IVOOX.id – Komisi XII DPR RI bersama Kementerian Lingkungan Hidup/Badan Pengendalian Lingkungan Hidup (KLH/BPLH) menyepakati pagu indikatif anggaran Tahun Anggaran 2027 sebesar Rp2,467 triliun. Kesepakatan tersebut diambil dalam rapat kerja yang berlangsung di Kompleks Parlemen, Senayan, Jakarta, Rabu (17/6/2026).
Ketua Komisi XII DPR RI, Bambang Patijaya, mengatakan bahwa peningkatan anggaran tersebut diharapkan mampu memperkuat berbagai program perlindungan dan pengelolaan lingkungan hidup yang menjadi prioritas pemerintah.
“Total anggaran yang kita sepakati adalah Rp2.467.778.464.000. Ini meningkat berkali lipat, mudah-mudahan kita bisa berjuang bersama-sama untuk mendukung anggaran ini,” ujar Bambang Patijaya dalam keterangan resmi yang diterima Ivoox.id Rabu (17/6/2026).
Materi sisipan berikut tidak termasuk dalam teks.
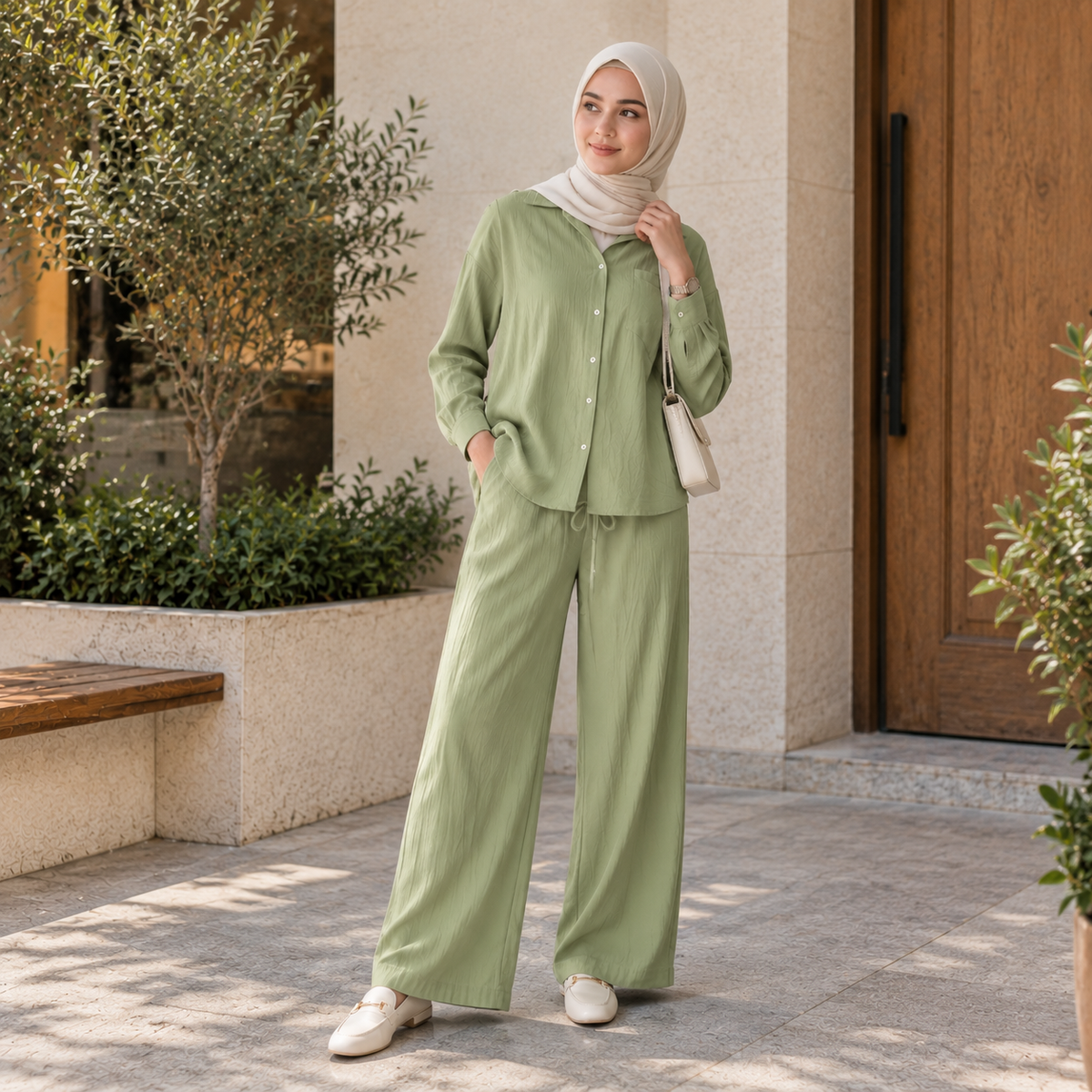 ZOALIN - Relaxed Button Shirt & Wide-Leg Pants Set - Sage - lifestyle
Dalam kesempatan yang sama, Menteri Lingkungan Hidup/Kepala BPLH, Mohammad Jumhur Hidayat, menyampaikan apresiasi atas dukungan yang diberikan DPR terhadap kebutuhan anggaran kementeriannya. Ia juga meminta dukungan Komisi XII untuk mengawal usulan penggunaan Penerimaan Negara Bukan Pajak (PNBP) Tahun Anggaran 2026 yang berasal dari kelebihan realisasi penerimaan sebesar Rp512,8 miliar.
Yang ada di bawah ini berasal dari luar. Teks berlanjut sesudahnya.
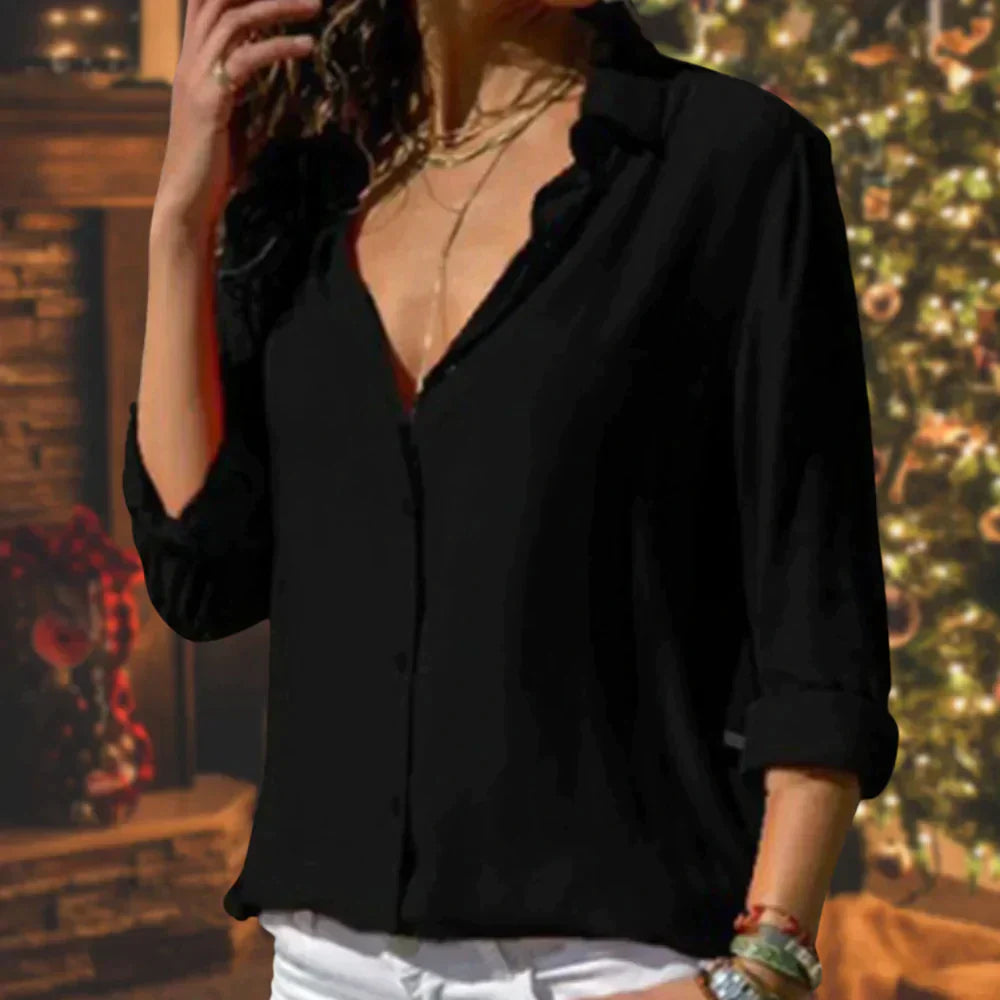 Stella™ | Women's Satin Button Down Shirt Long Sleeve Blouse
Selain pagu indikatif yang telah disepakati, KLH/BPLH juga mengajukan tambahan anggaran sebesar Rp1,339 triliun untuk mendukung pelaksanaan berbagai program strategis lingkungan. Dengan tambahan tersebut, total kebutuhan anggaran kementerian pada 2027 mencapai Rp2,467 triliun.
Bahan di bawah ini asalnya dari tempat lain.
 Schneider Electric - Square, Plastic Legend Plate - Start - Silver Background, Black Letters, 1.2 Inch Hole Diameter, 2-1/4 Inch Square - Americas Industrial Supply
Menanggapi hal itu, Bambang Patijaya menegaskan bahwa usulan dan tanggapan yang disampaikan Menteri Lingkungan Hidup telah menjadi bagian dari pembahasan bersama antara Komisi XII DPR RI dan jajaran KLH/BPLH.
“Yang disampaikan Bapak Menteri sebetulnya merupakan kesimpulan dan keputusan bersama yang sudah kita bahas sebelumnya,” katanya.
Dalam rincian alokasi anggaran yang disepakati, Sekretariat Utama memperoleh pagu sebesar Rp924 miliar. Sementara itu, Deputi Bidang Tata Lingkungan dan Sumber Daya Alam Berkelanjutan mendapatkan Rp262 miliar, Deputi Bidang Pengendalian Pencemaran dan Kerusakan Lingkungan Rp320 miliar, serta Deputi Bidang Pengelolaan Sampah, Limbah, dan Bahan Berbahaya dan Beracun sebesar Rp662 miliar.
Selain itu, Deputi Bidang Pengendalian Perubahan Iklim dan Tata Kelola Nilai Ekonomi Karbon memperoleh Rp124 miliar, Deputi Bidang Penegakan Hukum Lingkungan Hidup Rp165 miliar, dan Inspektorat Utama Rp26 miliar.
Di akhir rapat, Jumhur Hidayat menekankan pentingnya menjaga keseimbangan antara upaya menarik investasi dan komitmen terhadap pelestarian lingkungan. Menurutnya, kedua aspek tersebut harus berjalan beriringan demi kepentingan nasional.
“Dua-duanya harus seimbang. Ini memang tidak mudah, tetapi jika dilakukan dengan niat yang tulus demi kepentingan bangsa dan negara, saya yakin bisa kita laksanakan bersama,” ujar Menteri Lingkungan Hidup.